# best lard for use in soap making



## azimuth (Apr 29, 2012)

Which brand of lard is the best to use for soap making?


----------



## Wyldwytch Studios (Apr 29, 2012)

It's great that you have an option. The only one I can get around here is Armour and it really is much cheaper for me to buy it locally then to order it online.

Rose


----------



## Lilahblossom (Apr 30, 2012)

I use whatever kind is in the bucket at Wal Mart. Or hope that a neighbor is butchering. When that happens it's a bonanza! We have a few meat lockers nearby too and I get the good beef tallow for a buck a lb. It makes the absolute hardest bar of soap on the planet. And it doesn't like being played around with much either. It's still chilly in Wisconsin and when the tallow gets cool, that's it for that.


----------



## FOhoarder (Apr 30, 2012)

I also get the Armour brand at Walmart and I have never had a problem with it regarding smell or anything like that.  I would try whatever you can get locally before ordering online. Save lots on shipping.


----------



## IrishLass (Apr 30, 2012)

I used to use the Armour brand lard, but for whatever reason my local Walmart stopped carrying it and only sells the SnoCap brand lard now (in a blue bucket). It works just as fine, but seems a tad bit softer in consistency compared to the Armour brand I used to buy.


IrishLass


----------



## VanessaP (Apr 30, 2012)

That's odd IrishLass - maybe it was just out of stock? I just bought Armour at ours last week. Heh. Who knows. The Walton clans are fighting amongst each other at the moment


----------



## Suisan2 (May 1, 2012)

My husband is a butcher and has been making pork lard from some whole pigs he brought in for an event. 

This lard is quite soft -- I tried to make pies with it and had a lot of trouble as it sopped up so much flour. It's harder than bacon drippings, but not as hard as pork lard I'd get in the supermarket. (It's not leaf lard; it's fat from under the skin.)

He's selling the pork lard pretty quickly, so I'm not going to be soaping with it any time soon. However, in the future he's going to be making his own beef tallow and he doesn't expect that to sell well. I'm not sure what the consistency of that is going to be, and I may soap with it.

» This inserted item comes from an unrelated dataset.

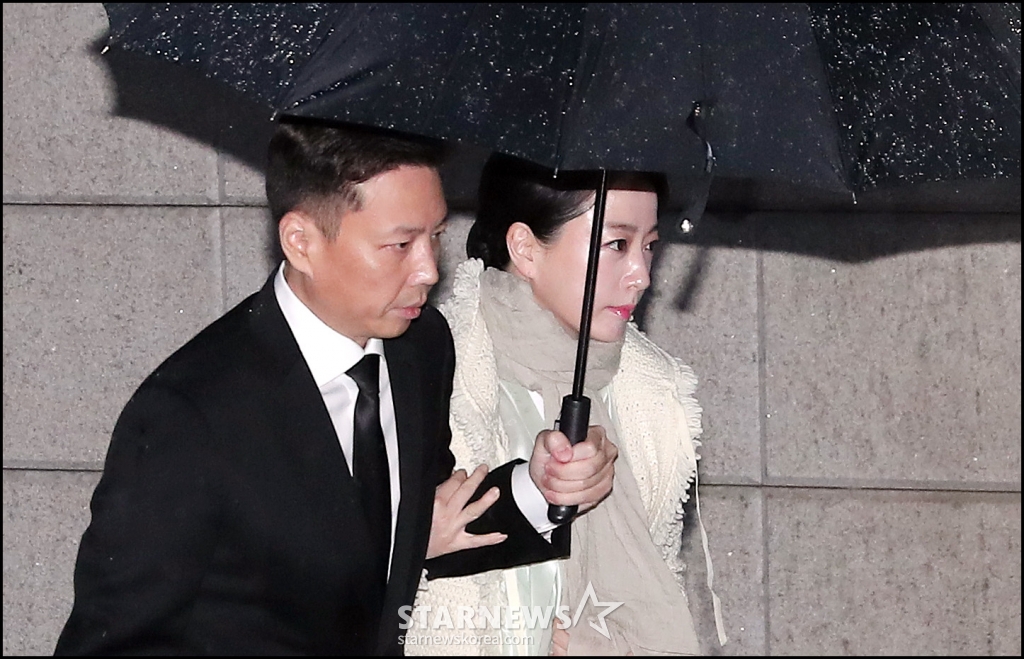 정대선 현대 비에스앤씨 사장이 부인 노현정 전 아나운서와 함께 고(故) 아산 정주영 현대그룹 명예회장의 18주기 제사에 참석하기 위해 20일 오후 서울 한남동 정몽구 현대자동차그룹 회장 자택으로 들어서고 있다.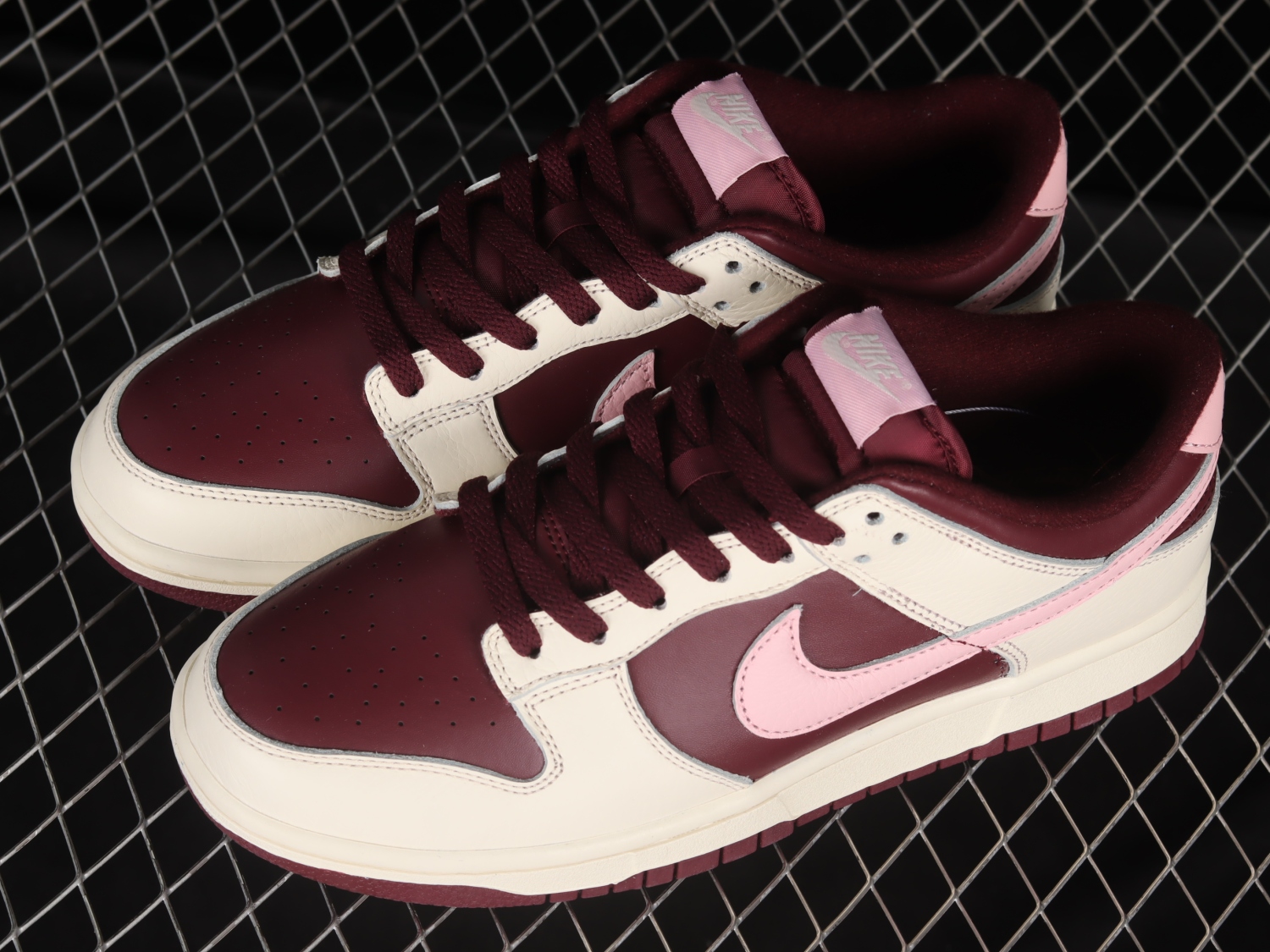 Nike Dunk Low Retro PRM Valentine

I've heard that commercial pork lard has stearic acid added to it to stiffen it up, but I haven't checked recently. But I occurs to me that my husband's lard has more water in it than it should? I guess I could melt it again and skim, but I'm leery of scorching it. But then again, maybe it's just got more unsaturated fats in it? Not really sure. 

My real question is this -- IF I start soaping with beef tallow and the beef tallow seems soft, what do I use for a SAP value? Do I just assume that there's a little less fat in it if it's soft?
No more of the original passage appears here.